TASK STATEMENT
Keep the pictures out. Write out every line of the listing exactly.

BEGIN EXTRACTED ENTRIES

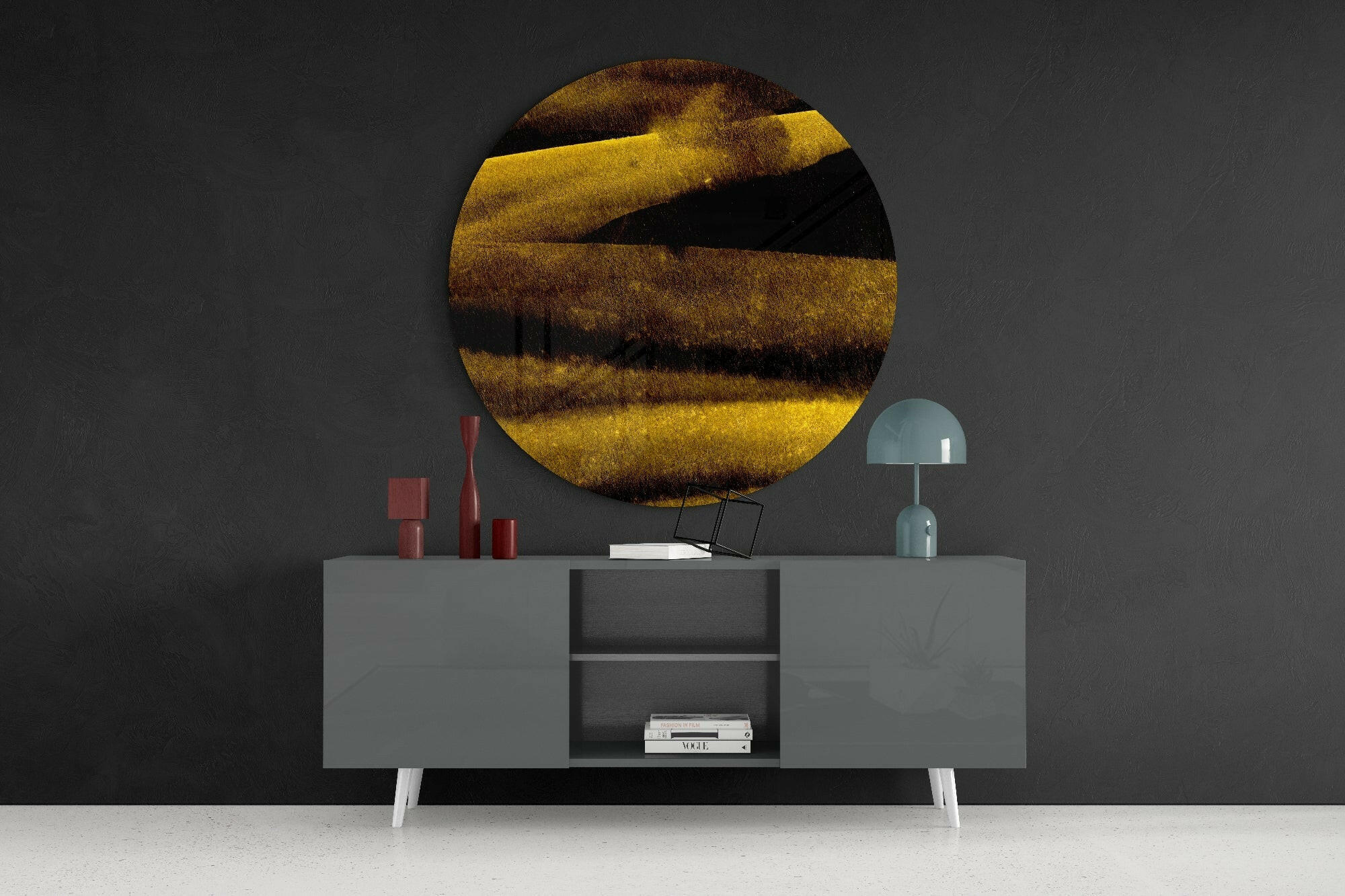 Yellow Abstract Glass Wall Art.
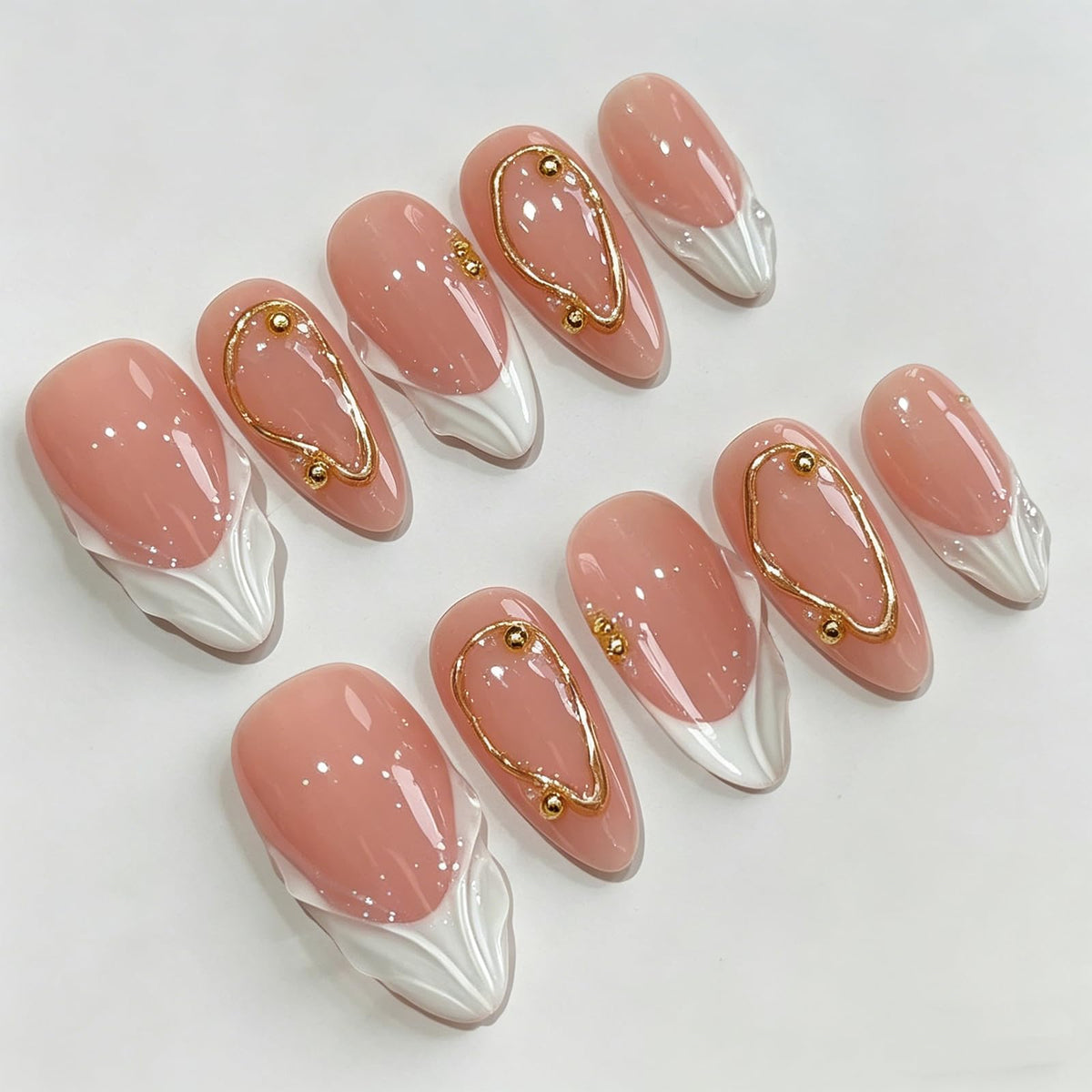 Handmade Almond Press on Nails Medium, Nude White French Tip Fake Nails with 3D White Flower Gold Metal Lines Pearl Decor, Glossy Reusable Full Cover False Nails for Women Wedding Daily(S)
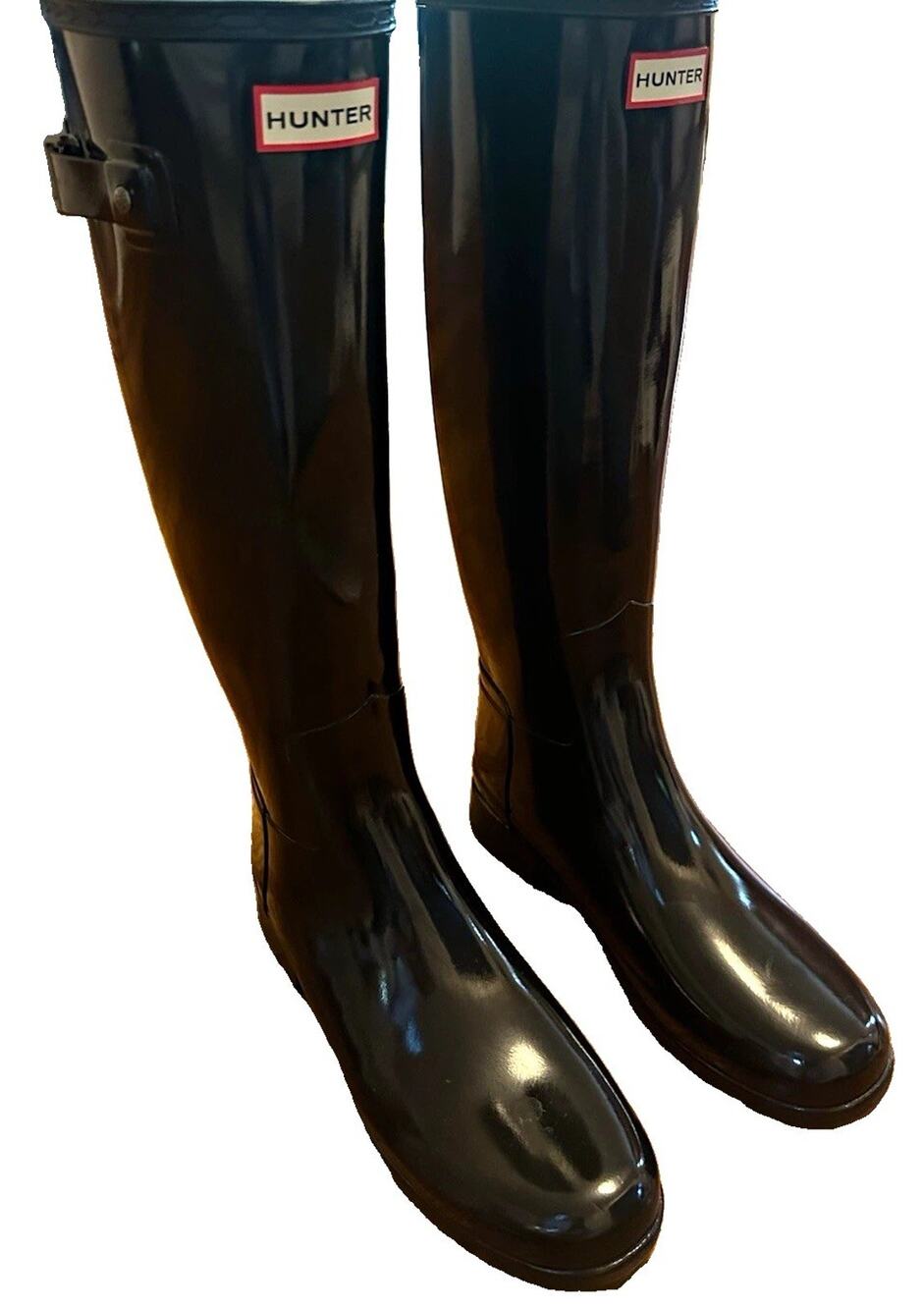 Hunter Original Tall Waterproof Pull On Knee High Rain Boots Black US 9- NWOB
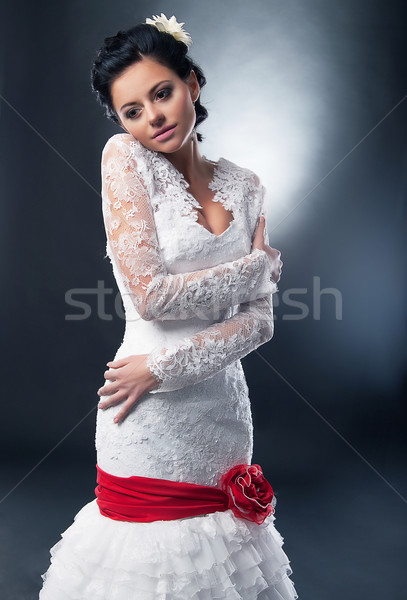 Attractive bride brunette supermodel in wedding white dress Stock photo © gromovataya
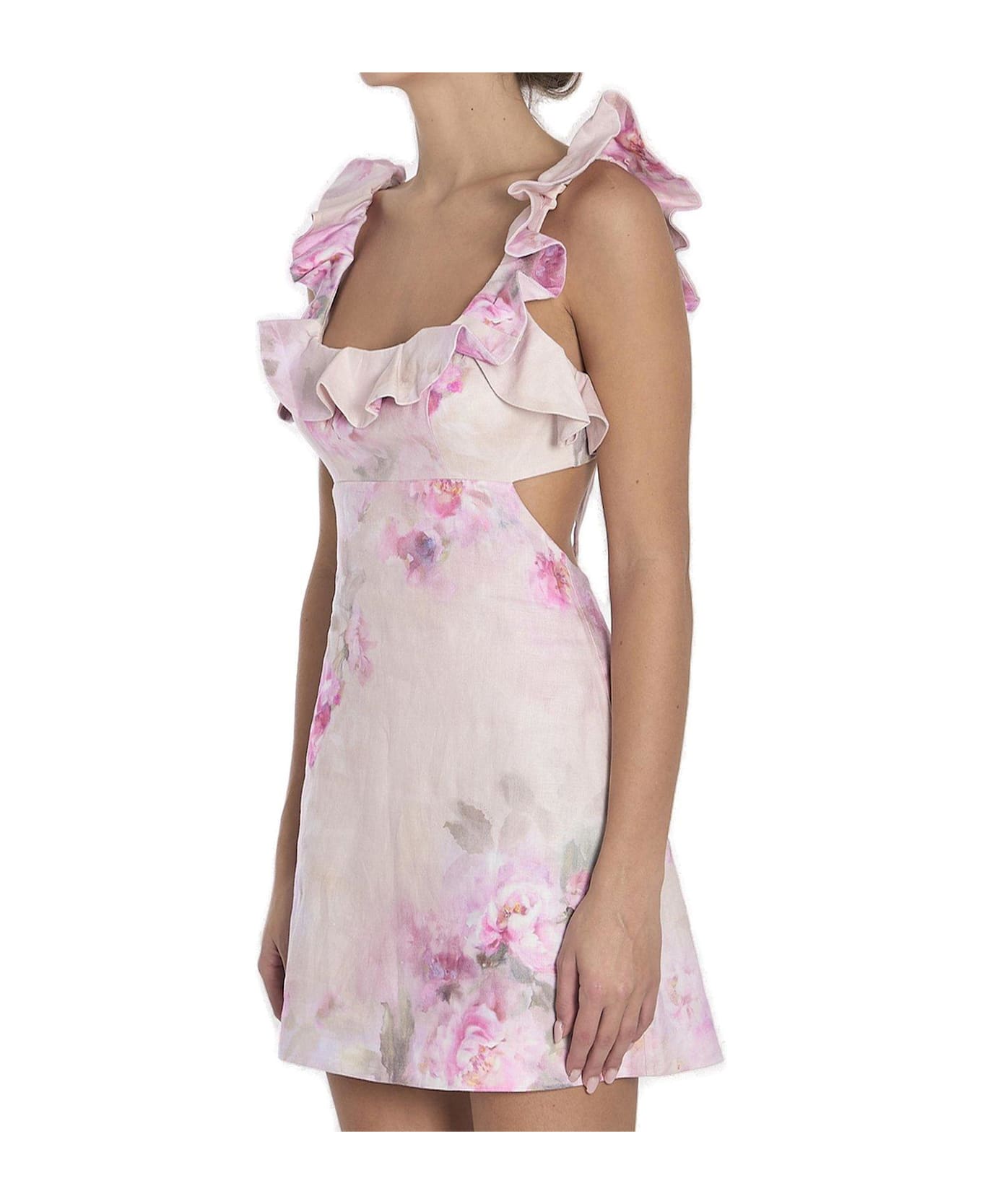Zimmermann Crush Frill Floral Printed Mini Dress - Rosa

END EXTRACTED ENTRIES

OUTPUT BELOW
 Yellow Abstract Glass Wall Art.
 Handmade Almond Press on Nails Medium, Nude White French Tip Fake Nails with 3D White Flower Gold Metal Lines Pearl Decor, Glossy Reusable Full Cover False Nails for Women Wedding Daily(S)
 Hunter Original Tall Waterproof Pull On Knee High Rain Boots Black US 9- NWOB
 Attractive bride brunette supermodel in wedding white dress Stock photo © gromovataya
Zimmermann Crush Frill Floral Printed Mini Dress - Rosa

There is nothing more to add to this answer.